▸ Input data:
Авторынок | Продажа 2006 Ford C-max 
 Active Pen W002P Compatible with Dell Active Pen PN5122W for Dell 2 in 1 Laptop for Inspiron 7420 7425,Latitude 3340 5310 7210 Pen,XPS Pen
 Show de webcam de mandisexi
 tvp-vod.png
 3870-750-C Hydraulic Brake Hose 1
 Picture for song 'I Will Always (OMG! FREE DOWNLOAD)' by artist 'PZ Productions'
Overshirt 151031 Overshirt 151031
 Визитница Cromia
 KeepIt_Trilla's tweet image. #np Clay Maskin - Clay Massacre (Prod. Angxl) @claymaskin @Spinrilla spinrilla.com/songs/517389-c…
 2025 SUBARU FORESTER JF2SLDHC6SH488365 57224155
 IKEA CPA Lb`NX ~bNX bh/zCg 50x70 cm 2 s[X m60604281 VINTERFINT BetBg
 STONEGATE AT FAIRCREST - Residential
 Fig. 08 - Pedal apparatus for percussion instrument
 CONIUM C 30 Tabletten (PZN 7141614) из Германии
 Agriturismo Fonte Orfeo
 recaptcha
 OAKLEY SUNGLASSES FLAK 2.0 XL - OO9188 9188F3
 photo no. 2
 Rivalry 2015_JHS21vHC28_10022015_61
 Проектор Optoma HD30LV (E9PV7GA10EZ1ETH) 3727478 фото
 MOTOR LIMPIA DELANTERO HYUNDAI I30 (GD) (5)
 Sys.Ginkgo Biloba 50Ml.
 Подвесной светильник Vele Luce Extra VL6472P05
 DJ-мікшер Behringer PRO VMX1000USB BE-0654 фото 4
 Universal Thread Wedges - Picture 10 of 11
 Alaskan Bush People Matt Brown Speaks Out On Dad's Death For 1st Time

▸ Exercise directions: For this task, set down the entire listing word for word.

▸ Your solution:
Авторынок | Продажа 2006 Ford C-max 
 Active Pen W002P Compatible with Dell Active Pen PN5122W for Dell 2 in 1 Laptop for Inspiron 7420 7425,Latitude 3340 5310 7210 Pen,XPS Pen
 Show de webcam de mandisexi
 tvp-vod.png
 3870-750-C Hydraulic Brake Hose 1
 Picture for song 'I Will Always (OMG! FREE DOWNLOAD)' by artist 'PZ Productions'
Overshirt 151031 Overshirt 151031
 Визитница Cromia
 KeepIt_Trilla's tweet image. #np Clay Maskin - Clay Massacre (Prod. Angxl) @claymaskin @Spinrilla spinrilla.com/songs/517389-c…
 2025 SUBARU FORESTER JF2SLDHC6SH488365 57224155
 IKEA CPA Lb`NX ~bNX bh/zCg 50x70 cm 2 s[X m60604281 VINTERFINT BetBg
 STONEGATE AT FAIRCREST - Residential
 Fig. 08 - Pedal apparatus for percussion instrument
 CONIUM C 30 Tabletten (PZN 7141614) из Германии
 Agriturismo Fonte Orfeo
 recaptcha
 OAKLEY SUNGLASSES FLAK 2.0 XL - OO9188 9188F3
 photo no. 2
 Rivalry 2015_JHS21vHC28_10022015_61
 Проектор Optoma HD30LV (E9PV7GA10EZ1ETH) 3727478 фото
 MOTOR LIMPIA DELANTERO HYUNDAI I30 (GD) (5)
 Sys.Ginkgo Biloba 50Ml.
 Подвесной светильник Vele Luce Extra VL6472P05
 DJ-мікшер Behringer PRO VMX1000USB BE-0654 фото 4
 Universal Thread Wedges - Picture 10 of 11
 Alaskan Bush People Matt Brown Speaks Out On Dad's Death For 1st Time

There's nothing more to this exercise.